The UN charter says refugees have a right to stay in the country where they have sought refuge if they have a genuine and well-founded fear of persecution in their homeland.

Beijing's insistence that fleeing North Koreans are just seeking economic benefits has been key in allowing it to label them "illegal immigrants."

According to the minister, Yanbian's many unregistered church groups, which often get South Korean donations to help refugees, are becoming more active in helping North Koreans.

But members of such churches risk arrest, and blatant violation of Beijing's rules often ends up with the government imposing greater religious controls on the entire community, he said.

Nevertheless, even if the government does not welcome the refugees, Chinese nationals in the region seem to.

"The North Koreans are smart people, they are willing to work hard and they learn Chinese quickly," said a Chinese taxi driver surnamed Ji from Yanji.

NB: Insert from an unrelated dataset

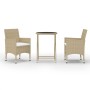 Garten-Bistro-Set 3-teilig PE-Rattan beige gehärtetes Glas von vidaXL, Gartensets - Ref: Foro24-3058380, Preis: 197,81 €, Rab...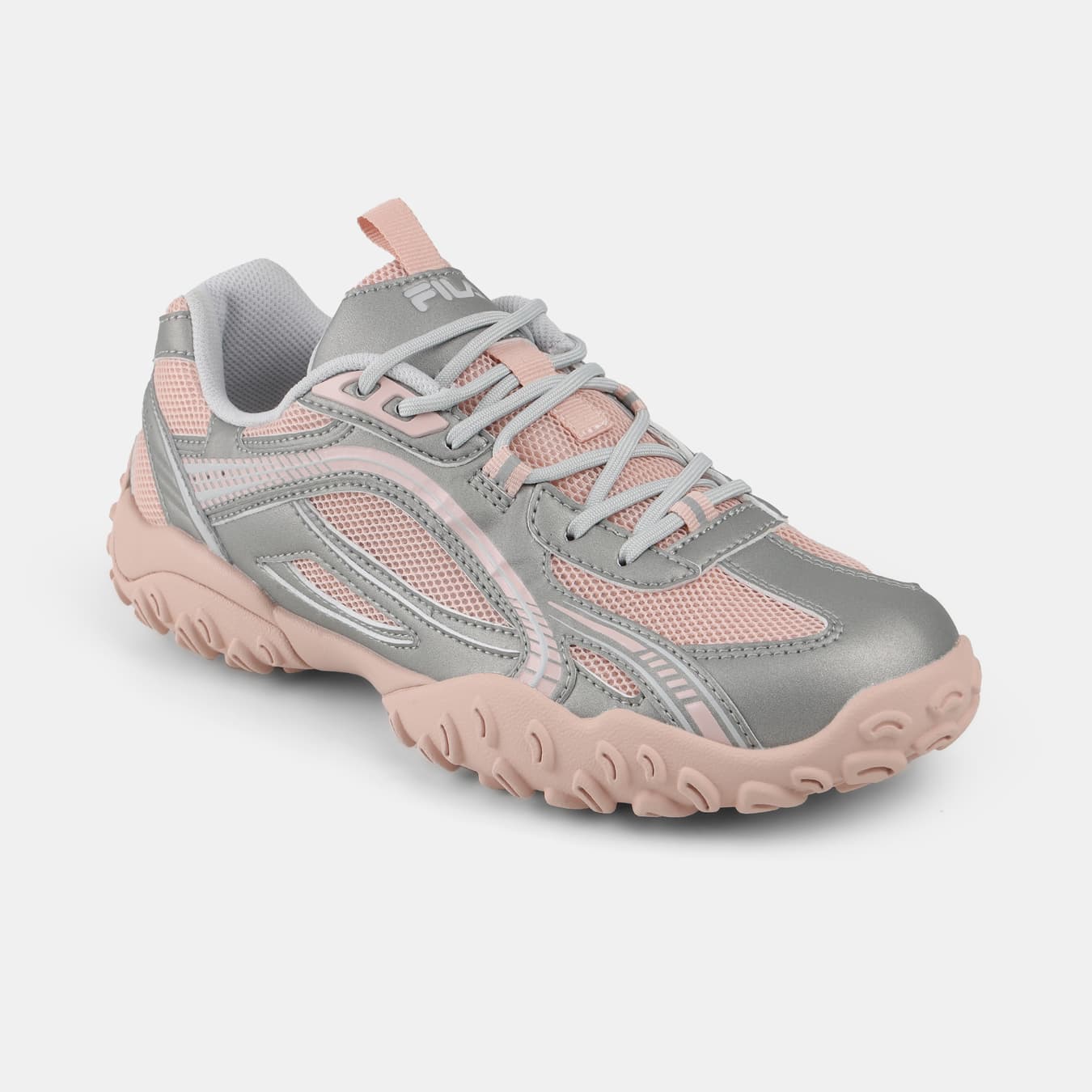 Women's Pink Casual Round Toe Lace-Up Sneakers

"A lot of the North Korean women who come over the border can easily marry local Chinese men," said Ji, whose ethnic Chinese grand aunt visits every few years from her home in North Korea.

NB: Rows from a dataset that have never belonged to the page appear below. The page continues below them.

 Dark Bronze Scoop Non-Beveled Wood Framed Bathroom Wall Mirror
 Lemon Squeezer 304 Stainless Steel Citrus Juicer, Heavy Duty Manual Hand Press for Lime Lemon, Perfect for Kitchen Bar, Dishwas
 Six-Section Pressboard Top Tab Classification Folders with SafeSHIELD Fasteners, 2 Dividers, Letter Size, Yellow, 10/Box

Although such marriages cannot be legally registered, fake identification papers can be procured, while local civil affairs departments can be paid to turn a blind eye, he said.

Those sent back to North Korea, or caught at the border, are destined for stints in labor camps, torture and even executions, according to international human rights groups.

"These people who come over are viewed (by Pyongyang) as traitors who are selling out their motherland," said an ethnic Korean medical worker called He in Kaishantun, a border village just south of Tumen.